■ What to work on ■
Starting at the top of the entries below, print each line exactly until the line with "May include: A" has been printed too.

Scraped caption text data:
----
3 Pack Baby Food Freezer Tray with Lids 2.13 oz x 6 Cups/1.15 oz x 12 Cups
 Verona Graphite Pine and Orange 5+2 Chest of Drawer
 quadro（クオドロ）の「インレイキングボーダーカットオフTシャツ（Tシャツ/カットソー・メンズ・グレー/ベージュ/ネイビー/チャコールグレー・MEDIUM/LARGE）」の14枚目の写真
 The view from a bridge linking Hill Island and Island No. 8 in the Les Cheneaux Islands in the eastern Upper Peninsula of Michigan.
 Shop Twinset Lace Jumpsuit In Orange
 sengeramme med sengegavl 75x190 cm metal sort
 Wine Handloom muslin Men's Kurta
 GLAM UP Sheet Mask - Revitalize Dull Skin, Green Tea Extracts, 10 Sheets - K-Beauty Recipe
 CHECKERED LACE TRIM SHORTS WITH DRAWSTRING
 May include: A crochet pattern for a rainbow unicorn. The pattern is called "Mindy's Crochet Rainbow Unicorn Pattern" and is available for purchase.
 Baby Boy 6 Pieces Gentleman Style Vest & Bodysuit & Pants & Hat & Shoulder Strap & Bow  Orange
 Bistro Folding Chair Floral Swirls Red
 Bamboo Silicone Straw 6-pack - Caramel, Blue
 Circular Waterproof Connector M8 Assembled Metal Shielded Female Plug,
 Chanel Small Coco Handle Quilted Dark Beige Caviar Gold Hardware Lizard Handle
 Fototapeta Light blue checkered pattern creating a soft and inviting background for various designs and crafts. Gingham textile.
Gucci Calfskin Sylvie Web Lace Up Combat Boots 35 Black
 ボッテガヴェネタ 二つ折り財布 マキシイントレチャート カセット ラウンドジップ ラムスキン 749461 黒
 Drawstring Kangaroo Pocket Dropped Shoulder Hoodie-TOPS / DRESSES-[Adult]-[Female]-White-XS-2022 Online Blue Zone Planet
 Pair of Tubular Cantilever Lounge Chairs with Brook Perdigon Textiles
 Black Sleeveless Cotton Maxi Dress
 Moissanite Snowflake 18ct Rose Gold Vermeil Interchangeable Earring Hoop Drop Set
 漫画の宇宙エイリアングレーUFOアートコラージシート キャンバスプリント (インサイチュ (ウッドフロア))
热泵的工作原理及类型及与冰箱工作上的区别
----
■ Answer below ■
3 Pack Baby Food Freezer Tray with Lids 2.13 oz x 6 Cups/1.15 oz x 12 Cups
 Verona Graphite Pine and Orange 5+2 Chest of Drawer
 quadro（クオドロ）の「インレイキングボーダーカットオフTシャツ（Tシャツ/カットソー・メンズ・グレー/ベージュ/ネイビー/チャコールグレー・MEDIUM/LARGE）」の14枚目の写真
 The view from a bridge linking Hill Island and Island No. 8 in the Les Cheneaux Islands in the eastern Upper Peninsula of Michigan.
 Shop Twinset Lace Jumpsuit In Orange
 sengeramme med sengegavl 75x190 cm metal sort
 Wine Handloom muslin Men's Kurta
 GLAM UP Sheet Mask - Revitalize Dull Skin, Green Tea Extracts, 10 Sheets - K-Beauty Recipe
 CHECKERED LACE TRIM SHORTS WITH DRAWSTRING
 May include: A crochet pattern for a rainbow unicorn. The pattern is called "Mindy's Crochet Rainbow Unicorn Pattern" and is available for purchase.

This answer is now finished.